When an LLM calls a tool, show the user what happened. Display the tool name, the input parameters, and the raw results before the LLM's interpretation. This builds trust and lets domain experts verify that the computation was set up correctly. The SciRouter Agent Playground does this with tool call badges on every message.

Chain Tools for Multi-Step Workflows

The real power of LLM tool use emerges when you chain tools together. Fold a protein, then dock a ligand against it, then check the ligand's ADMET properties. Each step's output feeds the next. The LLM orchestrates the workflow while each tool handles its specialized computation. This is what the Agent Builder is designed to make easy.

Set Reasonable Credit Budgets

Multi-step workflows can consume credits quickly. A fold-dock-ADMET pipeline uses roughly 16-18 credits. Set per-conversation or per-session credit budgets so autonomous agents do not run away with your allocation. SciRouter's usage tracking API lets you monitor consumption in real time.

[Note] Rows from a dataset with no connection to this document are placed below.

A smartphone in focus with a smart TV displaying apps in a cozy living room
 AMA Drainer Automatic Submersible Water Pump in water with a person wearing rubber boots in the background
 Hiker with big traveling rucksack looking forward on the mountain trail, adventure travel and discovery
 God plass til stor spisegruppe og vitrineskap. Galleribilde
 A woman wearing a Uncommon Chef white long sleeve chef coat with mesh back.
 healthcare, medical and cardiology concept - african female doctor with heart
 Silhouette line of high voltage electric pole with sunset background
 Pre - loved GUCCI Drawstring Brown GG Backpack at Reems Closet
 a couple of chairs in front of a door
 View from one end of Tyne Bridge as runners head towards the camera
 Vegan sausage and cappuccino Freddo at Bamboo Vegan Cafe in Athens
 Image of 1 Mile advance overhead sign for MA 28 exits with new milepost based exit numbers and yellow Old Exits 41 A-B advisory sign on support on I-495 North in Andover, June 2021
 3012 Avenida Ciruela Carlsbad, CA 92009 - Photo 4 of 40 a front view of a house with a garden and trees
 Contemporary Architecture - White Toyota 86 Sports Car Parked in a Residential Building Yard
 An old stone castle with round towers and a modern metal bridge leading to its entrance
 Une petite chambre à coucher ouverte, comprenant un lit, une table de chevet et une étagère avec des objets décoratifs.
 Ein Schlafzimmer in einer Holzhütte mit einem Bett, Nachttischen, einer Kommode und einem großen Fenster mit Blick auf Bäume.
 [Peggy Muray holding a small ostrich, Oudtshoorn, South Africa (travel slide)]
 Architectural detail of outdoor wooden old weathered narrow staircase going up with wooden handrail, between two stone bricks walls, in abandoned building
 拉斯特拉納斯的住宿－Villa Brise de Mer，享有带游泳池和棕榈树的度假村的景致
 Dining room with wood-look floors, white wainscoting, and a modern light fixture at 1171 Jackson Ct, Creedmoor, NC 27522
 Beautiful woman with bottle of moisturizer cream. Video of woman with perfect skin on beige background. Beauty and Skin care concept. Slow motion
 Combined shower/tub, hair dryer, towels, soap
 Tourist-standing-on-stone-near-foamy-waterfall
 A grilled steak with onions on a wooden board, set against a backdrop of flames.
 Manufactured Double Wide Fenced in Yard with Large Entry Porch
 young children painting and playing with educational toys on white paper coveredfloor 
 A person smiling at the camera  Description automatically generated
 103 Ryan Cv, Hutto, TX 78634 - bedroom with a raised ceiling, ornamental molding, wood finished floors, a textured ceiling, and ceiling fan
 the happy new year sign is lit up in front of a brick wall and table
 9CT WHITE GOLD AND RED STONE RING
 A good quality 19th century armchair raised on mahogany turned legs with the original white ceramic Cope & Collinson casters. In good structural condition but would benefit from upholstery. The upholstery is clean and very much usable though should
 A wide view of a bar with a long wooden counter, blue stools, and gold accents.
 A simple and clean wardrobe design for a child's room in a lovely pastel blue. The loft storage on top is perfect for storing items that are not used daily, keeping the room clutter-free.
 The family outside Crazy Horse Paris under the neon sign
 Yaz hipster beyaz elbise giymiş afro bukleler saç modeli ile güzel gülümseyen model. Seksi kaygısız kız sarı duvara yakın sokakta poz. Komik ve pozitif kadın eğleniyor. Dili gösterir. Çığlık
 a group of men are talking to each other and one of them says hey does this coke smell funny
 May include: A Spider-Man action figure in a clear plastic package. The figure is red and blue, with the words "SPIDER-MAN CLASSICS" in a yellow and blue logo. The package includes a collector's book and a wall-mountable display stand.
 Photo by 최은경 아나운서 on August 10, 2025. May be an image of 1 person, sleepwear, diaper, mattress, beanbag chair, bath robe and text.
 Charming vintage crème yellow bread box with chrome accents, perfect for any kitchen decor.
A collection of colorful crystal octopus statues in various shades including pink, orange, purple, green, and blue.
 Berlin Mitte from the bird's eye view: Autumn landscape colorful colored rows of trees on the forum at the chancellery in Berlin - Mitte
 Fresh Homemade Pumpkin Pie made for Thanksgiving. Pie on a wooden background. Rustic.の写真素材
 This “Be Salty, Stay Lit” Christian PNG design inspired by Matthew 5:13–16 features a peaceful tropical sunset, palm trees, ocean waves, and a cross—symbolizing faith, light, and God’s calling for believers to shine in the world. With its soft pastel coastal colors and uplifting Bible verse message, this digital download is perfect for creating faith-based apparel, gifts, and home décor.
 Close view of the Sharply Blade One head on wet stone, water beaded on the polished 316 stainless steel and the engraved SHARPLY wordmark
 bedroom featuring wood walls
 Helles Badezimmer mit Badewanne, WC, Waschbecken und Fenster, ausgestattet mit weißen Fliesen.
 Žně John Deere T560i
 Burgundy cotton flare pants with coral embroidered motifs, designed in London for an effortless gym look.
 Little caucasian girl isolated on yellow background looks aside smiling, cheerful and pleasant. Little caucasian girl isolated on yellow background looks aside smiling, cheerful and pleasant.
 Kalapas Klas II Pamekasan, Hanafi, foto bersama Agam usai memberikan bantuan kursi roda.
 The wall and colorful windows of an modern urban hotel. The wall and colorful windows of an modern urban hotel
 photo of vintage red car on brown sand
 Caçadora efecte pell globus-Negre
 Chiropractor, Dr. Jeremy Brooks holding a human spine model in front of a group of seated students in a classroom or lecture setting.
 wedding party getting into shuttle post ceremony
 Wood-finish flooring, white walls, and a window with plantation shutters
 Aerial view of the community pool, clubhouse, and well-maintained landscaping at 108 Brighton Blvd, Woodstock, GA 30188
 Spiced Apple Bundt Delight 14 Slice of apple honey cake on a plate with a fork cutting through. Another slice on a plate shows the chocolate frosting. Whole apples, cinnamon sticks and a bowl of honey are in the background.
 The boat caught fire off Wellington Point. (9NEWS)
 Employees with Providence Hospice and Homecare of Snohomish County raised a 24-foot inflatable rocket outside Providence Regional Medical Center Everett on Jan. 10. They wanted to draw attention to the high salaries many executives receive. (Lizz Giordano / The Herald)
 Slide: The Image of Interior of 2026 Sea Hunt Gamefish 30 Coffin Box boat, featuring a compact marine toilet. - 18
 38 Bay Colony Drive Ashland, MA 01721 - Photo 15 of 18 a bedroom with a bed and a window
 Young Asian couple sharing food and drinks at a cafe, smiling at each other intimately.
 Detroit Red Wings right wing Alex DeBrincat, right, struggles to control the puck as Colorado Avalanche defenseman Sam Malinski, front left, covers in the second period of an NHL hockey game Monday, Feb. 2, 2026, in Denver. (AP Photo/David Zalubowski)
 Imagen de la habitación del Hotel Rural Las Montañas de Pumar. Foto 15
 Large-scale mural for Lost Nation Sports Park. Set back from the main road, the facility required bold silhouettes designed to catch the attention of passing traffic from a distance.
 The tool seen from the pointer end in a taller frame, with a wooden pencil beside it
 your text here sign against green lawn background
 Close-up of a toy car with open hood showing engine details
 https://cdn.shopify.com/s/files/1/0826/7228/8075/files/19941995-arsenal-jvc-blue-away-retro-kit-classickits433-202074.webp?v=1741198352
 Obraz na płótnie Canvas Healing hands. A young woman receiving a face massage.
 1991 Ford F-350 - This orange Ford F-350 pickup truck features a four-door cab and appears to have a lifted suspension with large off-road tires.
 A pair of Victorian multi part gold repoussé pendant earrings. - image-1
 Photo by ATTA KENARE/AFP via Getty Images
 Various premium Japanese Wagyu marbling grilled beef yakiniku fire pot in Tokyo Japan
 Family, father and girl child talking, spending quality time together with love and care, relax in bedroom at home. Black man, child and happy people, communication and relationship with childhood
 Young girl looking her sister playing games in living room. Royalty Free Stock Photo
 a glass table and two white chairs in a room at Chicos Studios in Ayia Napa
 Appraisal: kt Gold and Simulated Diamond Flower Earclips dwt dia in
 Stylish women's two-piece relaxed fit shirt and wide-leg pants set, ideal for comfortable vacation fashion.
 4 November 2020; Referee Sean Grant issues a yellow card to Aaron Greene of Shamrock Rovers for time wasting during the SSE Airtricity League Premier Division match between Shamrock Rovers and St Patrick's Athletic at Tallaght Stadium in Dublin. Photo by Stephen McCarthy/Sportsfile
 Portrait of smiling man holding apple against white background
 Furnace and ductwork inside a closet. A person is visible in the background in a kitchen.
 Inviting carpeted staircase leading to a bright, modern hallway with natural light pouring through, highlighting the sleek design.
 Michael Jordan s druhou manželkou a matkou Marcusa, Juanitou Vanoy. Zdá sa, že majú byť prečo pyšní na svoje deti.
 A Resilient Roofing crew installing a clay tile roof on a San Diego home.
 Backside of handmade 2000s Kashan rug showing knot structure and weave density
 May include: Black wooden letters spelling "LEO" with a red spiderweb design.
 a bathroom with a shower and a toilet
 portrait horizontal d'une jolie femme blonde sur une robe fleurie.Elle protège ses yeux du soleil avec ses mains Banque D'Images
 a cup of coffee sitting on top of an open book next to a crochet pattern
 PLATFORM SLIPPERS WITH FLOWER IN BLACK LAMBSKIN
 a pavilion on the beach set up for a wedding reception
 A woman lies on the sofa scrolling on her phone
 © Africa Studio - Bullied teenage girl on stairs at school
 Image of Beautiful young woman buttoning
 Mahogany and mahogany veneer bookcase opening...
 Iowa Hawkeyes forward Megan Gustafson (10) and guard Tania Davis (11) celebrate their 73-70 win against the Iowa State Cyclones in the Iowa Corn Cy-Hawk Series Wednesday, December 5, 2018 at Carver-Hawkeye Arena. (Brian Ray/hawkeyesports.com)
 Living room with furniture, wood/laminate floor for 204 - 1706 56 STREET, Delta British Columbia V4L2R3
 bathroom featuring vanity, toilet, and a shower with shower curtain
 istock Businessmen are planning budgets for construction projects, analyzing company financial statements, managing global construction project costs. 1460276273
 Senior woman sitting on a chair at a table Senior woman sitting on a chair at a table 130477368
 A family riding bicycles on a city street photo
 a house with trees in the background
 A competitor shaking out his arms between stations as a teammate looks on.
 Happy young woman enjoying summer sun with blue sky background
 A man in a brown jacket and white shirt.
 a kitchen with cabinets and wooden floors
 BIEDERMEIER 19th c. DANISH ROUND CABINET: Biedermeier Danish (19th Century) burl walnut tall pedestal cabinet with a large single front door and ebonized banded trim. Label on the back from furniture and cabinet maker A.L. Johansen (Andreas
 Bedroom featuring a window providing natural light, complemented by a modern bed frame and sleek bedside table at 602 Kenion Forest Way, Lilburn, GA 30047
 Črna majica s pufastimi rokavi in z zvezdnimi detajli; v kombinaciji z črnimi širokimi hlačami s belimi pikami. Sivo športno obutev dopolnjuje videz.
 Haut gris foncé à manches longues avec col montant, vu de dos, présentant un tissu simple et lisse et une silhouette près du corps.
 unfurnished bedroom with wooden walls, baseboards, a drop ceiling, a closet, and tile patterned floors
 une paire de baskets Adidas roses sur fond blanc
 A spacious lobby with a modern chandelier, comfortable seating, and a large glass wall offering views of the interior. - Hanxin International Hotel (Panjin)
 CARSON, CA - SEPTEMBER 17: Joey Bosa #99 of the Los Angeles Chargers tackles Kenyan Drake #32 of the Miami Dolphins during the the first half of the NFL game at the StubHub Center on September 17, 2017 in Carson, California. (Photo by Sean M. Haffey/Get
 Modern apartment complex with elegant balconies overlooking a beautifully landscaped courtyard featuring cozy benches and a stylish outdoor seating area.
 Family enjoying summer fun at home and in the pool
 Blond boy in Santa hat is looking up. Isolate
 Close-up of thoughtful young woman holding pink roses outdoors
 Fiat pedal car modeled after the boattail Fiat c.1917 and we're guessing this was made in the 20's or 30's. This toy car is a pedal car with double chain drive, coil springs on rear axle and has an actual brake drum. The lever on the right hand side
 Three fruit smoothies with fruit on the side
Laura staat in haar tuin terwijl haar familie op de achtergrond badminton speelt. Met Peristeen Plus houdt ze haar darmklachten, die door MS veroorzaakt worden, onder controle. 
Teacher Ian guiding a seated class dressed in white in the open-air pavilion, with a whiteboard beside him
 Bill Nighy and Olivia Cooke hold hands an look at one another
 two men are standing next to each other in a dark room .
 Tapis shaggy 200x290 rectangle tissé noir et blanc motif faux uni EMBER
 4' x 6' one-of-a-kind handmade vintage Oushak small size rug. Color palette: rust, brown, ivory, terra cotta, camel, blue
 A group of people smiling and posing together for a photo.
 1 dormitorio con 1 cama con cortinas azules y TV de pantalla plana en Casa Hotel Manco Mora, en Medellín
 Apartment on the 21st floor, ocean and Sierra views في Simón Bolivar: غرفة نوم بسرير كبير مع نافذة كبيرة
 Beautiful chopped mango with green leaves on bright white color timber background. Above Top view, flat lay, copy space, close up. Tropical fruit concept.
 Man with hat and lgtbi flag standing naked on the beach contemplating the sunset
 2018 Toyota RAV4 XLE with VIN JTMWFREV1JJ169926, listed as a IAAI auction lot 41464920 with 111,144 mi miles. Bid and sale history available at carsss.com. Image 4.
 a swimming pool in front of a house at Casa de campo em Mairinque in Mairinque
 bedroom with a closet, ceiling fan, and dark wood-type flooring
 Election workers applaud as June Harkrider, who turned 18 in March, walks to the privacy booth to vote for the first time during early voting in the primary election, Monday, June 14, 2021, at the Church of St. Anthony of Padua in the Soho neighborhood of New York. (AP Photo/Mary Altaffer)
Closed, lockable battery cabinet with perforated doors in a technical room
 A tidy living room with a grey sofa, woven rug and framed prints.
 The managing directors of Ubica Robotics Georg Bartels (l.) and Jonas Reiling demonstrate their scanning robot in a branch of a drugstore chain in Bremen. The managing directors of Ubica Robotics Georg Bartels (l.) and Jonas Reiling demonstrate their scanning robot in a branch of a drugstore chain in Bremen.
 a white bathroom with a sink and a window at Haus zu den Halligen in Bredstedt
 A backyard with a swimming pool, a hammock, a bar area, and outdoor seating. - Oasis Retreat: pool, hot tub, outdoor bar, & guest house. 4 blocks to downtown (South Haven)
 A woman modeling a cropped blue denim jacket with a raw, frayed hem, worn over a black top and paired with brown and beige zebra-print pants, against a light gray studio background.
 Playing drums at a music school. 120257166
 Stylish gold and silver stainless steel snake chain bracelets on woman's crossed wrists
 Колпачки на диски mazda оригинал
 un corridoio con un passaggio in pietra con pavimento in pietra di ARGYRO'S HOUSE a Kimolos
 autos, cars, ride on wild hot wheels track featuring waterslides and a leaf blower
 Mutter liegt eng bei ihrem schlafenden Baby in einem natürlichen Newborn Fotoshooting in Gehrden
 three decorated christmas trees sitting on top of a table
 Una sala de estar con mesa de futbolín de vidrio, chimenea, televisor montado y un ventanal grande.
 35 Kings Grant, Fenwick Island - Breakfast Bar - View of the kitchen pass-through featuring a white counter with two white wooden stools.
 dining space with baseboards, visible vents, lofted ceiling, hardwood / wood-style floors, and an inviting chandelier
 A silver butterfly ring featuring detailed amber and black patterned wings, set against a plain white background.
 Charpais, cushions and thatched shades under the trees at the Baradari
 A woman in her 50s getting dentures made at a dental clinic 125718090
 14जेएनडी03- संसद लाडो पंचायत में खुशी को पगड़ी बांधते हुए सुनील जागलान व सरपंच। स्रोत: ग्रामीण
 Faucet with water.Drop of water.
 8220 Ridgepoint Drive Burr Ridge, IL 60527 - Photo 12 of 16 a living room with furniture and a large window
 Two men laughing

The Future: Autonomous Science Agents

Today, most LLM-science integrations are interactive — a researcher asks a question, the LLM calls a tool, and the researcher reviews the result. The next frontier is autonomous agents that can plan and execute entire research workflows with minimal human oversight.

Imagine telling an agent: "Screen this library of 500 compounds against EGFR and give me the top 10 candidates with favorable ADMET profiles." The agent would compute properties for all 500, filter by drug-likeness, dock the survivors, predict ADMET, rank the results, and present a summary — all without human intervention between steps.

This is not science fiction. The individual tools exist today. What is emerging is the orchestration layer that connects them reliably. SciRouter provides the tool infrastructure. MCP and agent frameworks provide the orchestration. LLMs provide the reasoning. The pieces are coming together.